*** Data

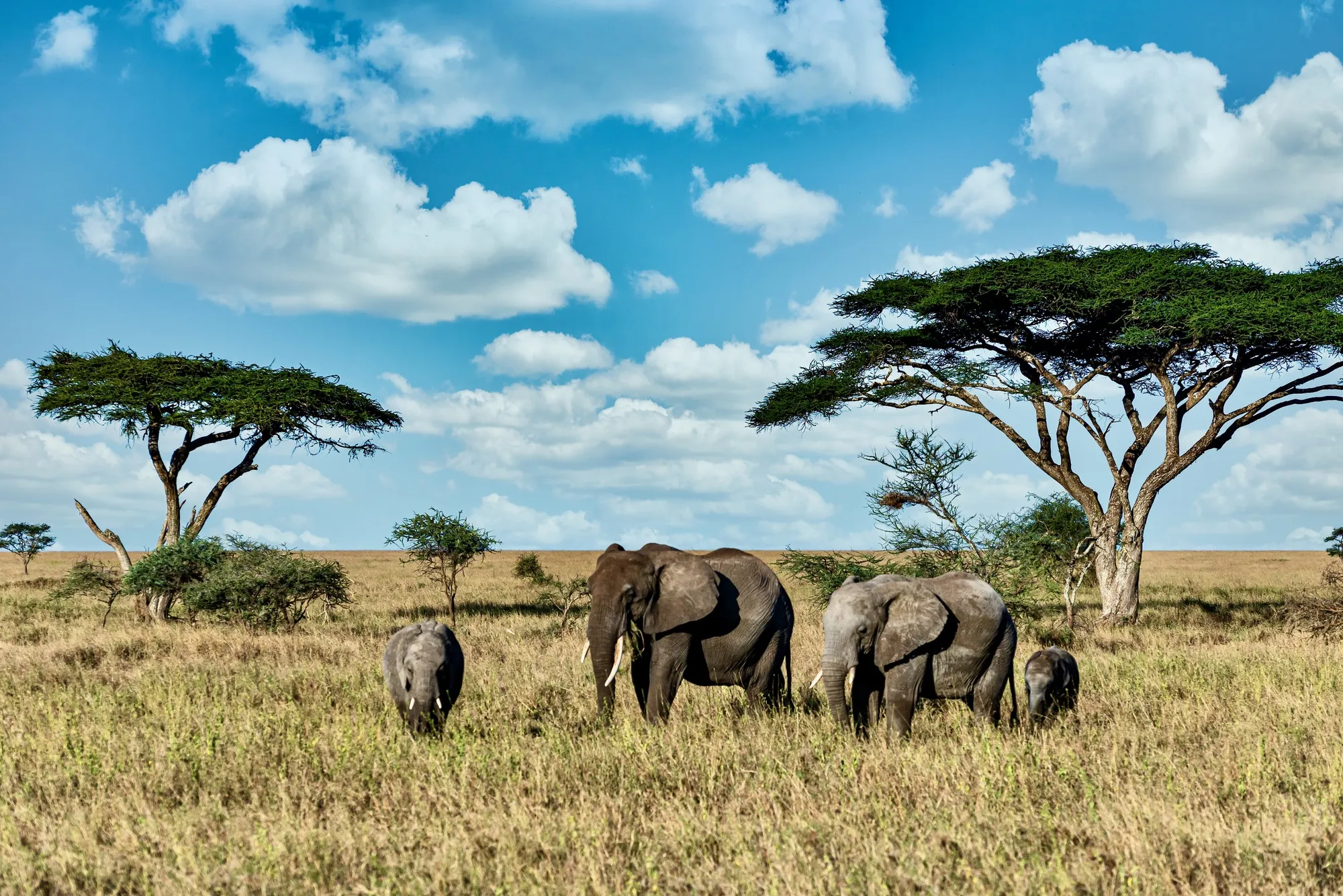 Africa eSIM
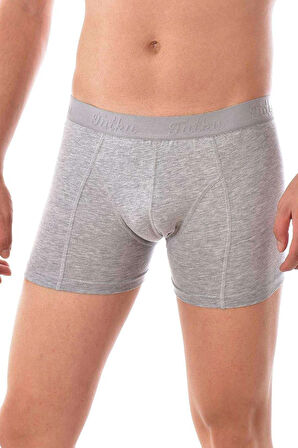 biçomi 3 adet Tutku Likralı Erkek Gri Boxer 0114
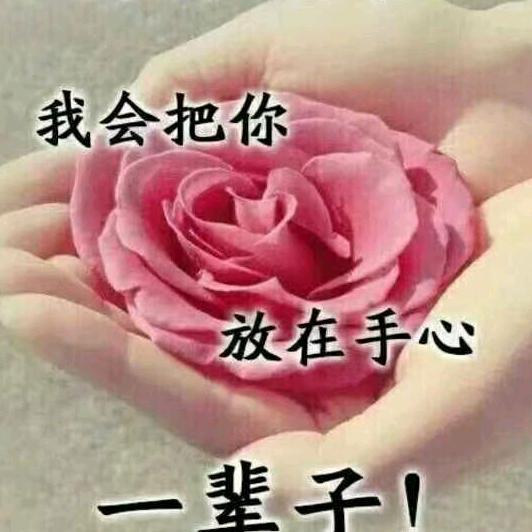 小🌛千与🌙千寻?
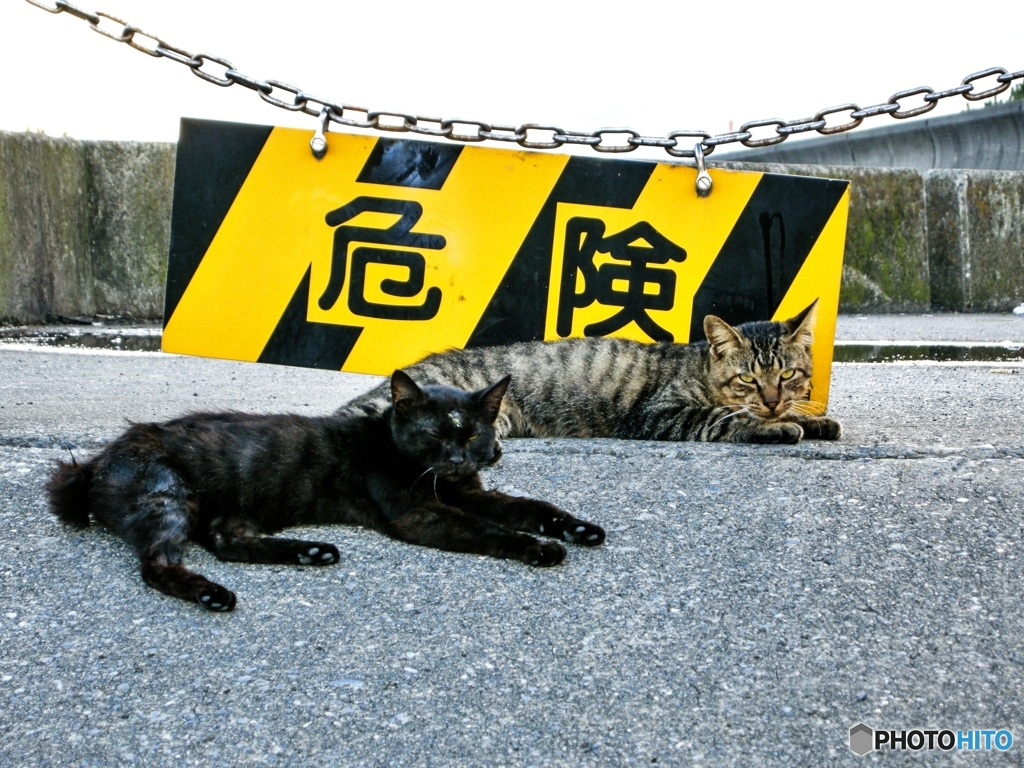 危険な猫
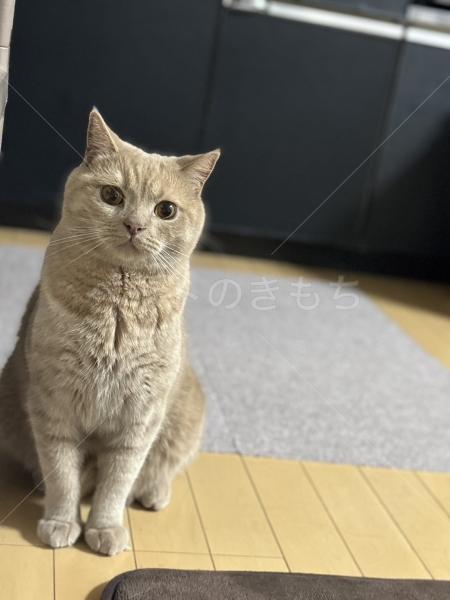 迷子猫の画像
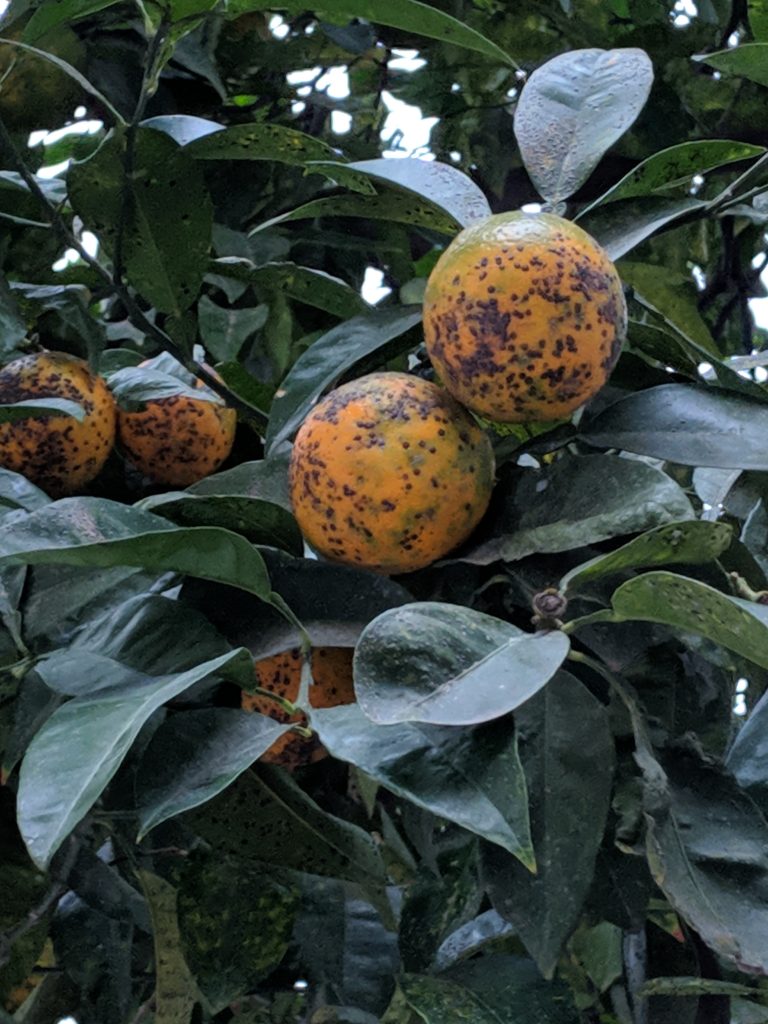 (Diseased) common oranges around the city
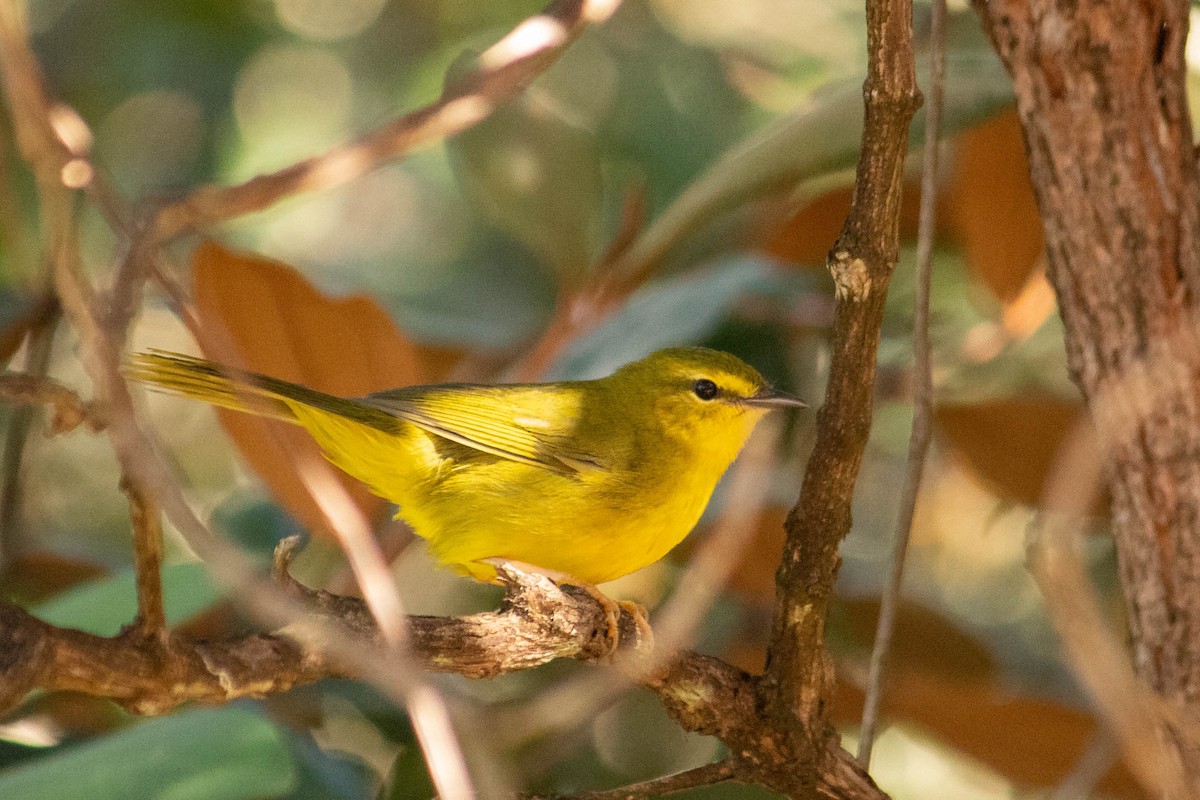 Flavescent Warbler - ML620768049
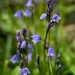 Bluebells by anncooke76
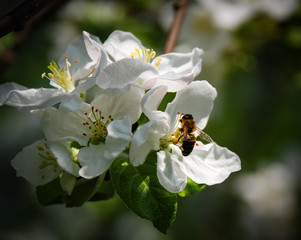 Bee on the flowers in the garden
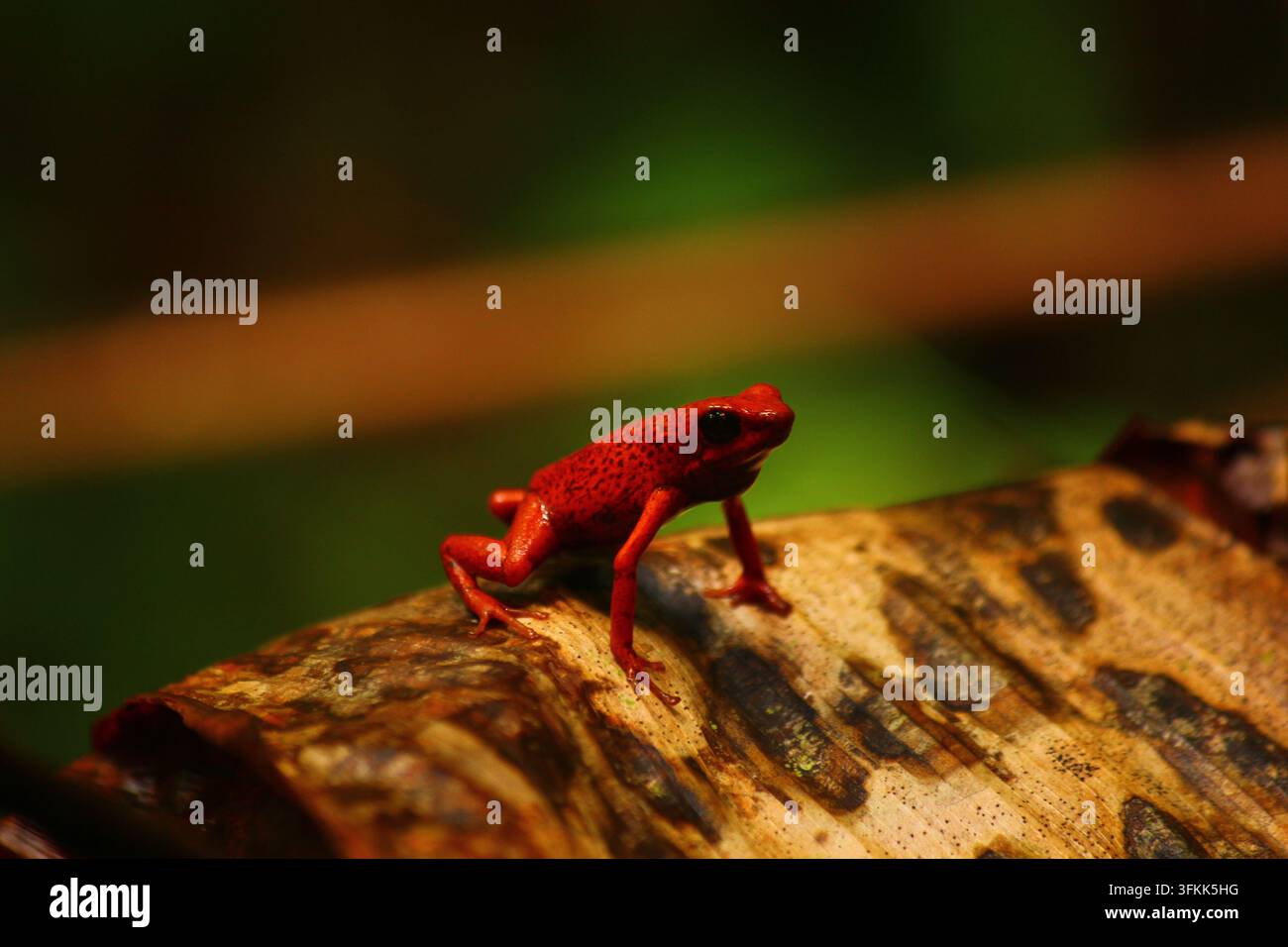 Rana dardo velenosa alla fragola (Oophaga pumilio) fotografata in Costa Rica Foto Stock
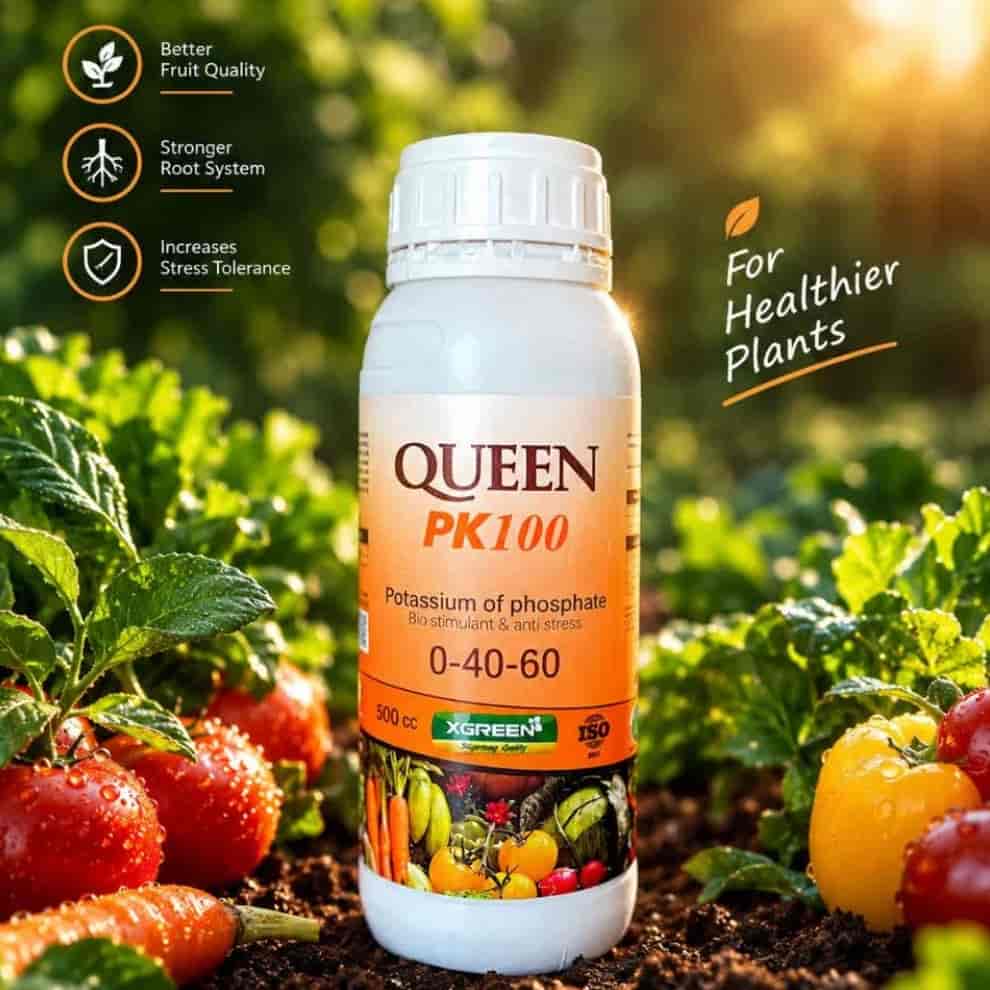 کود فسفر و پتاسیم کوئین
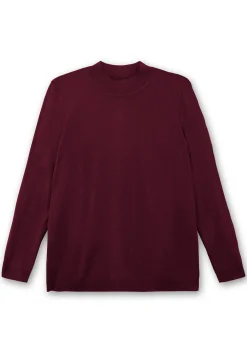 Extraweicher Pullover mit Stehkragen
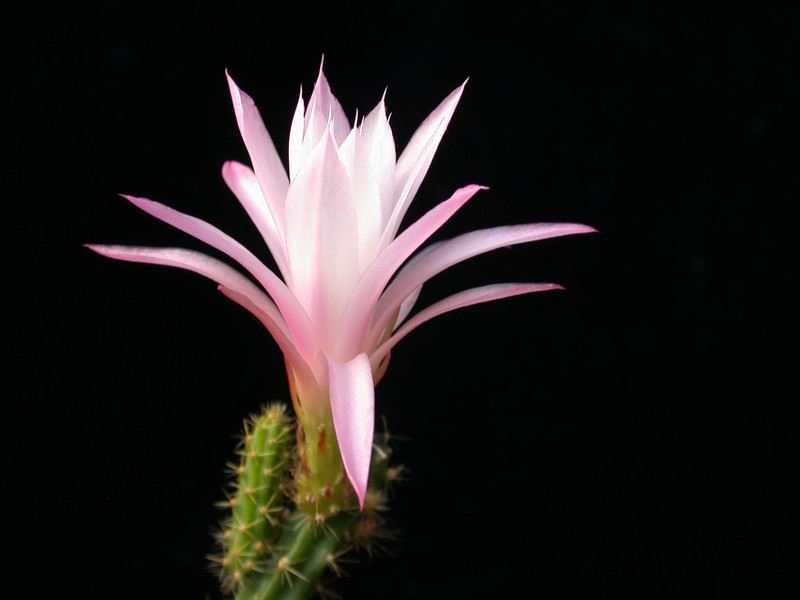 aporocactus nelly paetz 01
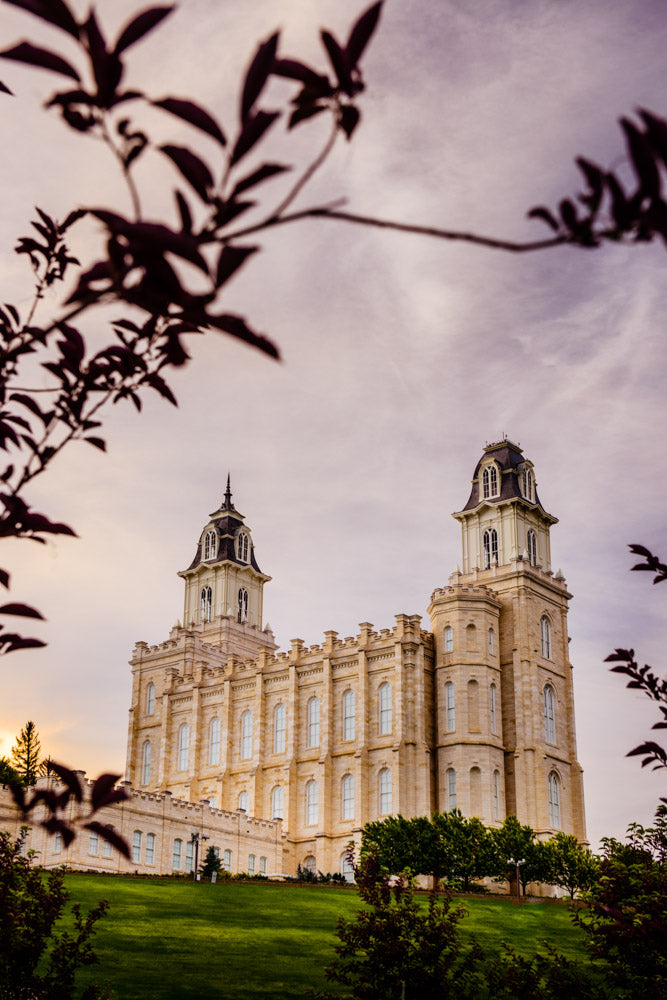 Manti Temple - Framed by Leaves by Scott Jarvie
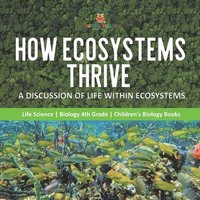 bokomslag How Ecosystems Thrive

******

• [Work instruction]: An exact copy of all the lines above is required, with the pictures removed.

• [Task output]:
 Africa eSIM
 biçomi 3 adet Tutku Likralı Erkek Gri Boxer 0114
 小🌛千与🌙千寻?
 危険な猫
 迷子猫の画像
 (Diseased) common oranges around the city
 Flavescent Warbler - ML620768049
 Bluebells by anncooke76
 Bee on the flowers in the garden
 Rana dardo velenosa alla fragola (Oophaga pumilio) fotografata in Costa Rica Foto Stock
 کود فسفر و پتاسیم کوئین
 Extraweicher Pullover mit Stehkragen
 aporocactus nelly paetz 01
 Manti Temple - Framed by Leaves by Scott Jarvie
 bokomslag How Ecosystems Thrive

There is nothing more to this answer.